WHAT YOU WILL DO »
Copy each line from the data that has the word "viruses" in it.

━━ EXERCISE MATERIALS ━━

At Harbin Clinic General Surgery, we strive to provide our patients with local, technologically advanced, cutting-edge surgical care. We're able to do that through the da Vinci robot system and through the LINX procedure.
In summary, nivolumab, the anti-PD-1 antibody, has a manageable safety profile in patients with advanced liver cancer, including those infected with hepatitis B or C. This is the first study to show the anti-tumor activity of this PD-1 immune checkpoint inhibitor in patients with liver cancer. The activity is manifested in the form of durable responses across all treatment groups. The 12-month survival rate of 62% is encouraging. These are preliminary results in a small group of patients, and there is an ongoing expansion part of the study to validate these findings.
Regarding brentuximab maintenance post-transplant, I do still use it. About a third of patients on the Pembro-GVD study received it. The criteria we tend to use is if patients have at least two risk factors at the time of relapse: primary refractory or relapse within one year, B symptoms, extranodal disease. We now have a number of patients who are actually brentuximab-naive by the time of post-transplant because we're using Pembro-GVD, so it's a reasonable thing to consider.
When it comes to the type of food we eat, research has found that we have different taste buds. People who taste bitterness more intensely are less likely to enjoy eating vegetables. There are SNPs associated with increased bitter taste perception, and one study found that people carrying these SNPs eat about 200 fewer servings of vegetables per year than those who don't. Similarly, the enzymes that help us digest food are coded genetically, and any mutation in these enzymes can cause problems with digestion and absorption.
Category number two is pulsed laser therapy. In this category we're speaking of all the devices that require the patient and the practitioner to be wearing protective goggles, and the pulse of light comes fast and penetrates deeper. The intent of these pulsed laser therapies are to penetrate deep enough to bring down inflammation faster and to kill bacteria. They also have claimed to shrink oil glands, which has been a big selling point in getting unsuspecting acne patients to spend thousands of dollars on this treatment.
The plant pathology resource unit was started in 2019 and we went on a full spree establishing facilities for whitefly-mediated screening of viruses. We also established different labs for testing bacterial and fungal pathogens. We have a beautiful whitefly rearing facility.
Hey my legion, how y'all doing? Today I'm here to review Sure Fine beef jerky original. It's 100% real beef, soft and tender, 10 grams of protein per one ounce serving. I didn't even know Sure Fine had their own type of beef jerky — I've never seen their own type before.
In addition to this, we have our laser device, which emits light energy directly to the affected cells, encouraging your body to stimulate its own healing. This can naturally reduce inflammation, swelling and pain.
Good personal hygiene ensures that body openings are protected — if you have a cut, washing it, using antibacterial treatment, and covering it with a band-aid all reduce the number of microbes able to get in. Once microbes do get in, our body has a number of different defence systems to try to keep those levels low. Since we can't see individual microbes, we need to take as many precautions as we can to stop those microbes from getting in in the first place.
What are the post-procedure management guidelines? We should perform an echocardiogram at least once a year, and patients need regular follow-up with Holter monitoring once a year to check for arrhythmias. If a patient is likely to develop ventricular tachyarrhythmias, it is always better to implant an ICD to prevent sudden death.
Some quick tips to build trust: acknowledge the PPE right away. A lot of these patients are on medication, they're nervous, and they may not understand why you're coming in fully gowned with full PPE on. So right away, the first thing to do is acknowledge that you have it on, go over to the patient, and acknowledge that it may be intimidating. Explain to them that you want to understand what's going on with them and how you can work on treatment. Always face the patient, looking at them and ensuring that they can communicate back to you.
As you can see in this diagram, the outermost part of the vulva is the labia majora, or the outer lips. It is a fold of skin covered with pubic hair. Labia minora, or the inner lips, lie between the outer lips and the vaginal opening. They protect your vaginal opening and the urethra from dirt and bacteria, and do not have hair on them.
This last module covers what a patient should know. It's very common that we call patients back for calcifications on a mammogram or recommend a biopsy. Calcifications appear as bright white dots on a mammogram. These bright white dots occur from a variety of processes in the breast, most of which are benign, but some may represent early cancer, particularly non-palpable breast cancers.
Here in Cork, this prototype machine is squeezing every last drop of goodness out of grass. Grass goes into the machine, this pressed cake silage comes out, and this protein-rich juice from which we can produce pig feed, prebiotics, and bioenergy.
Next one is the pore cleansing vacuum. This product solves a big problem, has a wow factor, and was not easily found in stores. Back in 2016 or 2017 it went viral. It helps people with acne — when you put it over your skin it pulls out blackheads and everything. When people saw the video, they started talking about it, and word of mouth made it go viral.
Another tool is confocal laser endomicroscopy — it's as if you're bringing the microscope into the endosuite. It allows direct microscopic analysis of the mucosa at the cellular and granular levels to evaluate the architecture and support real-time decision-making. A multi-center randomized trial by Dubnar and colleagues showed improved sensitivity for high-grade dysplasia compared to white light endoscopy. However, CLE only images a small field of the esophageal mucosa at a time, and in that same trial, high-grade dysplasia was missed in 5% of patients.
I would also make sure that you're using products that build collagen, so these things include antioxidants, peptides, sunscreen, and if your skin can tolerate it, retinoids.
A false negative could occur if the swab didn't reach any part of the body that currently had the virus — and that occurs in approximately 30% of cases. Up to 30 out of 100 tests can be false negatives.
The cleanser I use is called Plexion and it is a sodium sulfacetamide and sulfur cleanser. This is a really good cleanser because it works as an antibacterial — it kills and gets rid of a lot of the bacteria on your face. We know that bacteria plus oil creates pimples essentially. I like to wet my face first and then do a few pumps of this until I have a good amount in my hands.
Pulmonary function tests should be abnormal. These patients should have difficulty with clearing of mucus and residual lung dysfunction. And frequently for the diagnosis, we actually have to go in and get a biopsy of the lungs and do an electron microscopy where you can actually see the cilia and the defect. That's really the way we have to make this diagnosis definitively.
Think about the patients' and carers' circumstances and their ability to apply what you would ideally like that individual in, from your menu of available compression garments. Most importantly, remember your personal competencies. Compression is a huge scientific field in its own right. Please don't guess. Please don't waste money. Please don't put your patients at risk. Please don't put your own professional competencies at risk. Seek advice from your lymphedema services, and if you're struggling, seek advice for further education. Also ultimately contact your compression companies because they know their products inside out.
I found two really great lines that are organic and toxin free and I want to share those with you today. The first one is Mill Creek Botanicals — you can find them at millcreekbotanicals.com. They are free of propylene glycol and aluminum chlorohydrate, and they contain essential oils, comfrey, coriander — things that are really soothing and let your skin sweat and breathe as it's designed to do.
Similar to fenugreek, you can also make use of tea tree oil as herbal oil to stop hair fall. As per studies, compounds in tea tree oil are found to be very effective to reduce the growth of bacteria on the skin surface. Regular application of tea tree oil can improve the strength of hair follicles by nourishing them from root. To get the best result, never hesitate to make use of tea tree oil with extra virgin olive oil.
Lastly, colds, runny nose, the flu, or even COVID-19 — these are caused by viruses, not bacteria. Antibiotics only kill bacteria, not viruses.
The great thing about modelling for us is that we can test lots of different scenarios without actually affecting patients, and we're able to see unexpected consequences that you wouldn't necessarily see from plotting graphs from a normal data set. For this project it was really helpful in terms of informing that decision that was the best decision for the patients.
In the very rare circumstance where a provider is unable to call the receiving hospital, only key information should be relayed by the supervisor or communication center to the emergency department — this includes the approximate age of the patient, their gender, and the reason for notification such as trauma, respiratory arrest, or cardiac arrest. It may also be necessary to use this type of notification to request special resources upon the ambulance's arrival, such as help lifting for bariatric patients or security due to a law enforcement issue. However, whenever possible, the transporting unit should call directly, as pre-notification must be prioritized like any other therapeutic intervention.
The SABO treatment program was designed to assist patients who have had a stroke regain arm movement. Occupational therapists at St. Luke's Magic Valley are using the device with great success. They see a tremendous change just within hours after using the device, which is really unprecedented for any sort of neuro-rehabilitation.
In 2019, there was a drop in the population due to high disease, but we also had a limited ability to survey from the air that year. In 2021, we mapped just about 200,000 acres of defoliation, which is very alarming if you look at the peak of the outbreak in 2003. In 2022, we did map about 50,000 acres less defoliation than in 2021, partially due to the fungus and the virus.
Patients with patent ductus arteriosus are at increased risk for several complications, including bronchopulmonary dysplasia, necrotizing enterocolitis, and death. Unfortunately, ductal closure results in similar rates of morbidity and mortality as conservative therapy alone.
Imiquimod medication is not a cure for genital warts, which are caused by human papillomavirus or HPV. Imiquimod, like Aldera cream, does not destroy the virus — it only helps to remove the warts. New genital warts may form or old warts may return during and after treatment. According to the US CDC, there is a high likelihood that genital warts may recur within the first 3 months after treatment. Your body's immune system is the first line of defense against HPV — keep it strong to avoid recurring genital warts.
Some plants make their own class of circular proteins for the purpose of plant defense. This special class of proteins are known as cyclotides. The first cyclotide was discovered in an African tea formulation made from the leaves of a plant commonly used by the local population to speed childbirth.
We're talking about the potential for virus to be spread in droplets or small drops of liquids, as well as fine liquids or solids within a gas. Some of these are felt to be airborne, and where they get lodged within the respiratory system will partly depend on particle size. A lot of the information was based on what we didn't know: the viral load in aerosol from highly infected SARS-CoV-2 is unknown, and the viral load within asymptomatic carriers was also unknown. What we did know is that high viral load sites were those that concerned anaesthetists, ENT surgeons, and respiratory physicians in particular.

━━━

WRITTEN RESPONSE »
The plant pathology resource unit was started in 2019 and we went on a full spree establishing facilities for whitefly-mediated screening of viruses. We also established different labs for testing bacterial and fungal pathogens. We have a beautiful whitefly rearing facility.
Lastly, colds, runny nose, the flu, or even COVID-19 — these are caused by viruses, not bacteria. Antibiotics only kill bacteria, not viruses.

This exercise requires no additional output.